🤖 AI Summary
This work addresses the emerging risk of novel code smells introduced by the improper use of large language models (LLMs) in software development, highlighting the urgent need for systematic identification and standardization. The study presents the first taxonomy of LLM-specific code smells, encompassing nine distinct categories, and introduces SpecDetect4LLM—a static analysis tool that combines rule-based and pattern-matching techniques to automatically detect these issues. Evaluation on 692 open-source projects reveals that 73.5% contain such LLM-induced code smells. The tool achieves a precision of 91.3% and a recall of 71.8%, effectively bridging the gap in both normative guidelines and practical tooling for ensuring code quality in the era of LLM-assisted programming.
📝 Abstract
Large Language Models (LLMs) are increasingly integrated into software systems for diverse purposes, due to their versatility, flexibility, and ability to simulate human reasoning to some extent.
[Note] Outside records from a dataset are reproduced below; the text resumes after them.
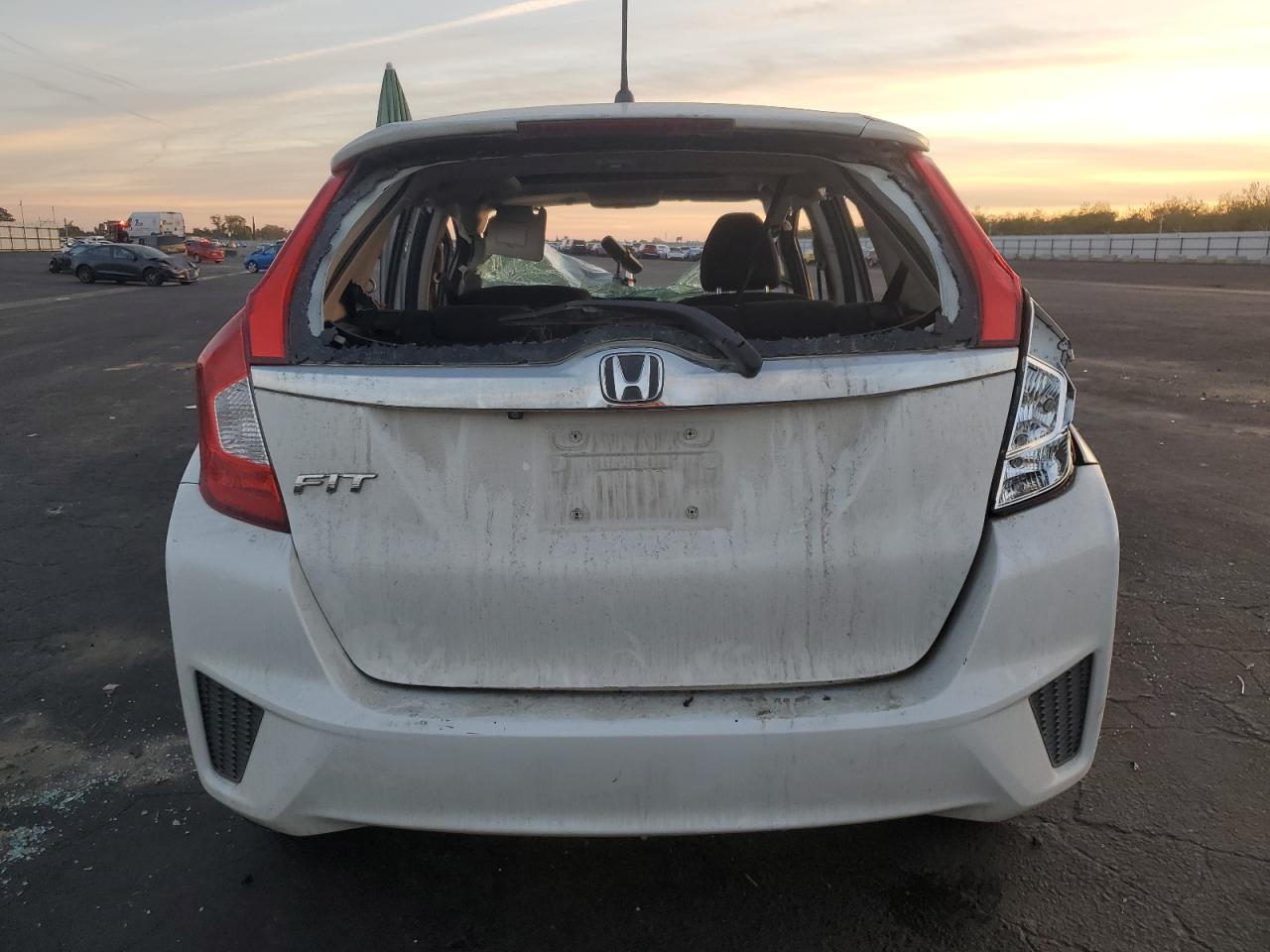 2017 Honda Fit Ex VIN: 3HGGK5G72HM701626 Lot: 92319665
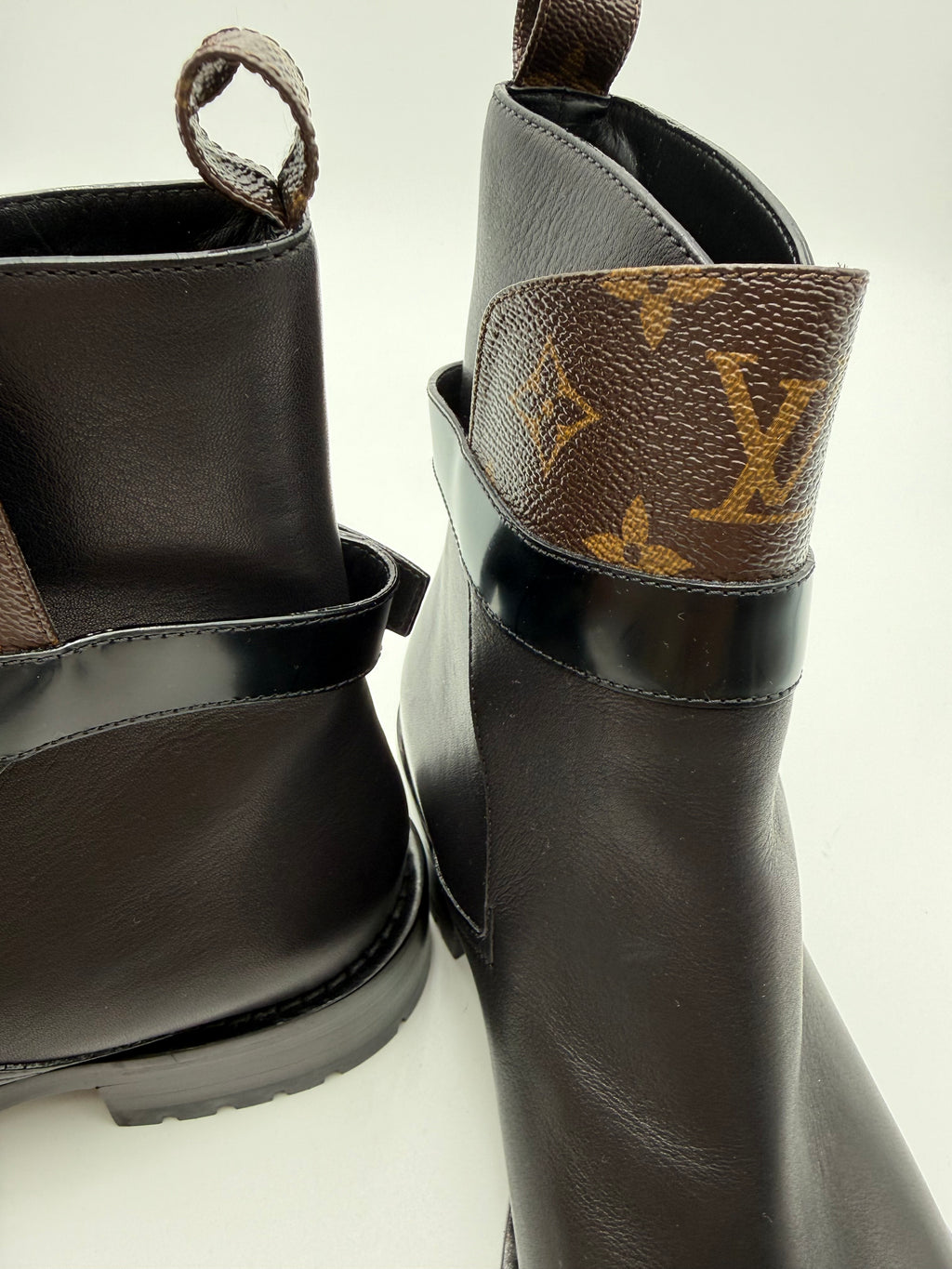 Louis Vuitton Stivaletti Discovery Flat Neri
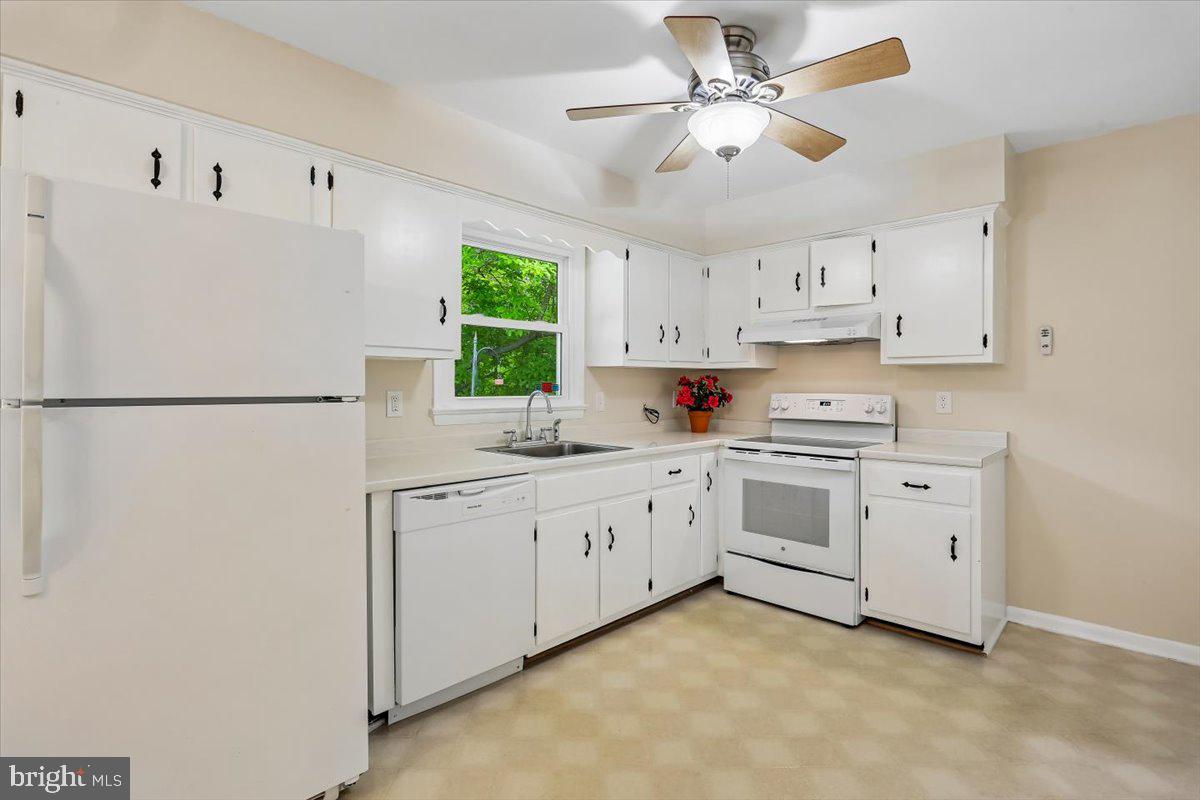 DARNESTOWN OUTSIDE - Residential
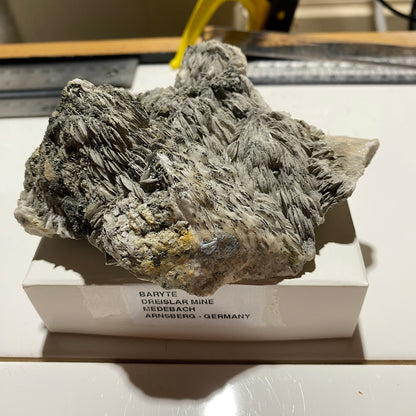 BARYTE WITH CHALCOPYRITE : DREISLAR MINE, MEDEBACH, ARNSBERG, GERMANY. 537g. MF5481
However, poor integration of LLM inference in source code can undermine software system quality. Therefore, inadequate LLM integration coding practices must be documented to help developers mitigate such issues. Following our earlier work on LLM code smells, this paper consolidates and refines the concept by presenting a self-contained taxonomy and a catalog of nine LLM code smells. We also create SpecDetect4LLM, a static source code analysis tool for their detection, and conduct extensive empirical evaluations of its detection effectiveness (precision and recall) as well as the prevalence of LLM code smells across 692 open-source software projects (171,194 source files). Our results show that LLM code smells affect 73.5% of the analyzed systems, with a detection precision of 91.3% and a recall of 71.8%.